Number of Young Americans Identifying as Trans or ‘Queer’ Drops Sharply — Study Calls It a “Fading Trend”

A new academic study has confirmed what many conservatives have long argued: the transgender and “queer” boom among young Americans wasn’t a permanent cultural shift — it was a passing trend.

The Centre for Heterodox Social Science (CHSS) released a report showing that after years of explosive growth in LGBT identification, the numbers are now in steep decline. The findings suggest that the wave of gender and sexuality experimentation that swept through schools, universities, and social media in the 2010s and early 2020s may finally be subsiding.

Trans and Queer Identification in Freefall

According to the report, the number of college students identifying as transgender has fallen nearly 50 percent since its 2023 peak. That year, about 7 percent of students claimed a trans identity.
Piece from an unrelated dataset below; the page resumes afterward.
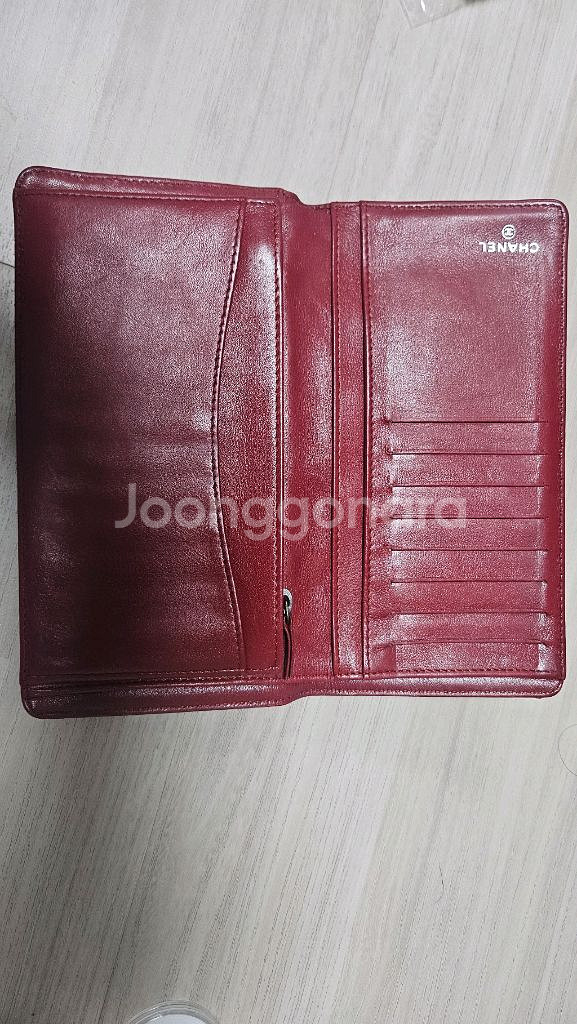 (정품) 샤넬 케비어 장지갑입니다--1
Today, that figure is below 4 percent — and falling.

The researchers added a telling observation: “Today’s freshmen are less BTQ+ than seniors, suggesting that decline will continue.

Colleges, once viewed as hotbeds of leftist ideology and gender radicalism, now appear to be the first places showing signs of reversal.
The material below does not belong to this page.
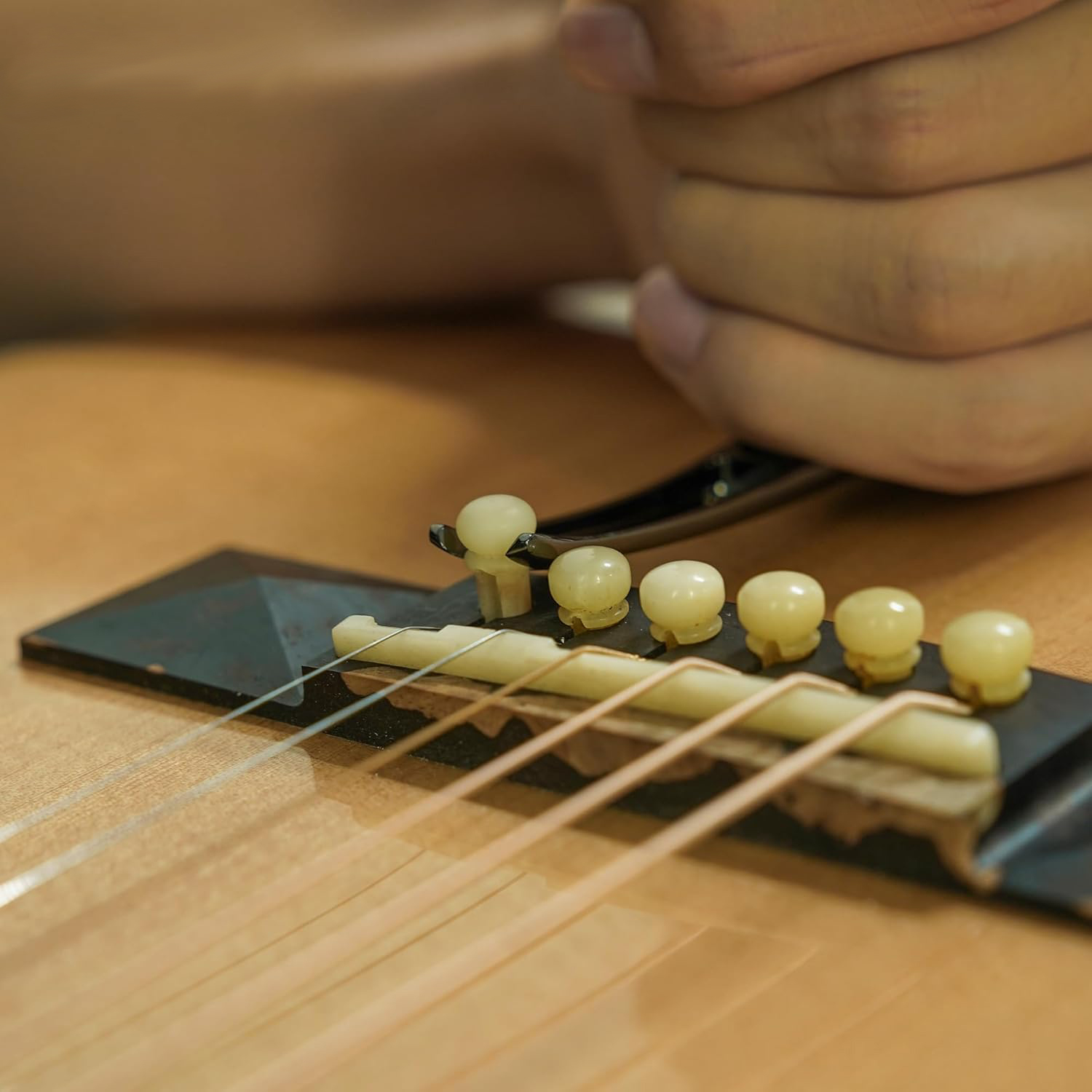 كابو جيتار 4 في 1 للجيتار الصو - مراجعة Acoustic Guitar Dreadnought وسعره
Kaufmann: “Like the Fading of a Fashion or Trend”

Political scientist and conservative commentator Eric Kaufmann summarized the report’s findings in a viral thread on X that garnered millions of views.

Among the key takeaways he shared was that gay and lesbian identification has remained stable, while the more fluid “queer,” “questioning,” and “nonconforming” categories have collapsed.

Non-conforming sexual identity (queer, questioning, etc.) is also in sharp decline,” Kaufmann wrote. “Gay and lesbian are stable while heterosexuality has rebounded by around 10 points since 2023.

He also noted that the drop in transgenderism doesn’t appear tied to a resurgence of religion — a point that undermines the left’s typical narrative about “Christian nationalism” shaping youth behavior.

In Kaufmann’s words: “The fall of trans and queer seems most similar to the fading of a fashion or trend. It happened largely independently of shifts in political beliefs and social media use, though improved mental health played a role.

Mental Health, Not Politics, Behind the Shift

The CHSS report echoed Kaufmann’s assessment:

“Trans, queer and bisexual identities are in rapid decline among young educated Americans. This does not appear to be the result of a shift to the right, the return of religion or a rejection of woke culture war attitudes.”

The researchers added that while gender identity is often associated with progressive politics, the broader trend away from trans and queer identification seems detached from ideology — and instead linked to improving mental health.

“Improving mental health, however, appears to be part of the explanation for the decline of BTQ+ identification,” the report concluded.

A Cultural Turning Point

The data paints a striking picture: a generation that once embraced radical identity politics is beginning to step back from it. As the cultural pendulum swings, many young Americans appear to be rediscovering stability, reality, and self-acceptance — without the need for ideological labels.

If the trend continues, the “gender revolution” that once seemed unstoppable may end not with a bang, but with quiet disinterest from the very youth who were expected to carry it forward.